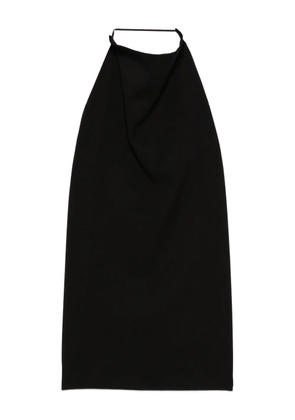 FEDERICO CINA halterneck blouse - Black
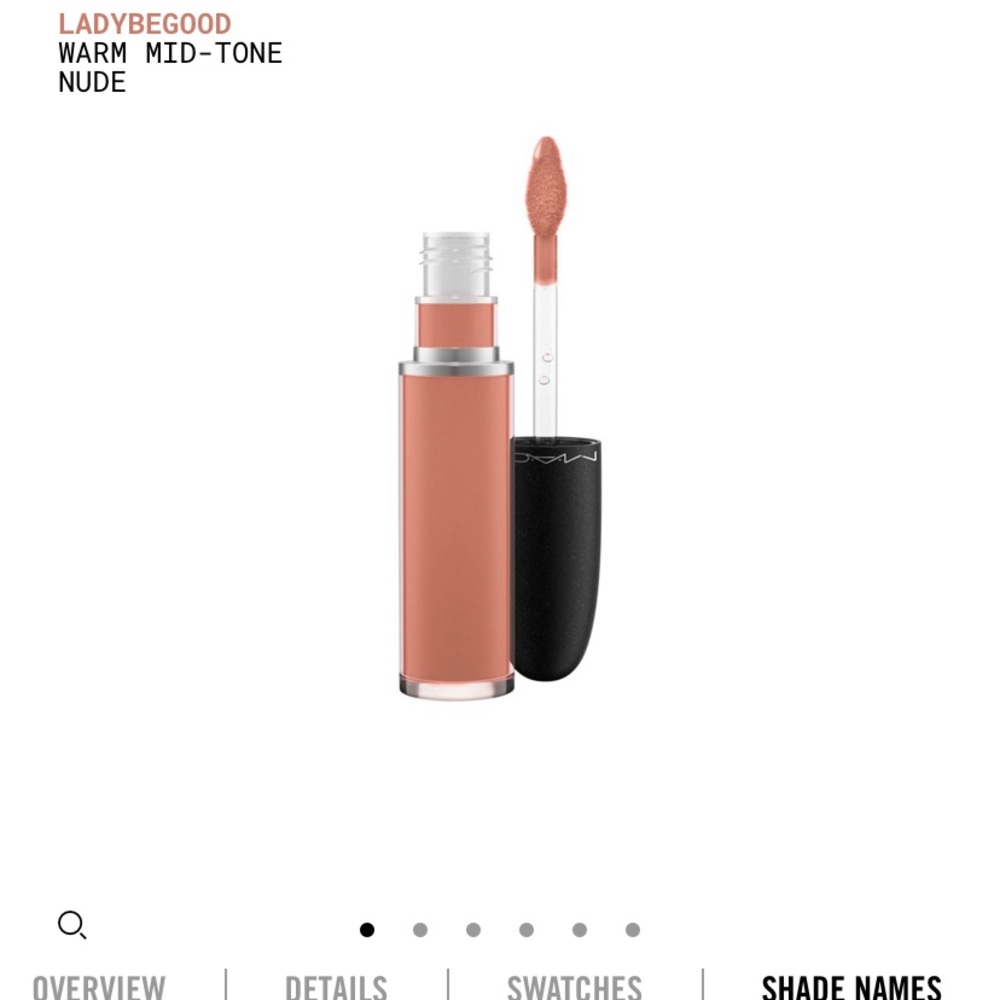 MAC Retro Matte Liquid Lipcolour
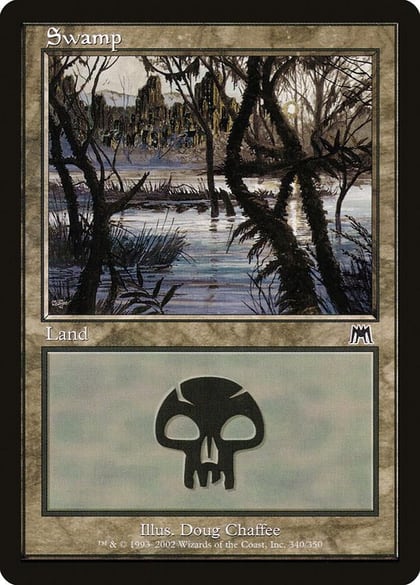 Swamp (340), Onslaught 340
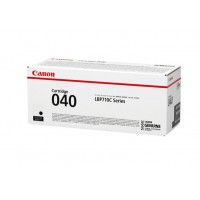 Тонер-картридж 040 BK Canon i-SENSYS LBP712Cx 6.3К (О) чёрный 0460C001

## What the exercise asks:
The answer should match the data above word for word, with no pictures in it.

## Solution below:
 FEDERICO CINA halterneck blouse - Black
 MAC Retro Matte Liquid Lipcolour
 Swamp (340), Onslaught 340
 Тонер-картридж 040 BK Canon i-SENSYS LBP712Cx 6.3К (О) чёрный 0460C001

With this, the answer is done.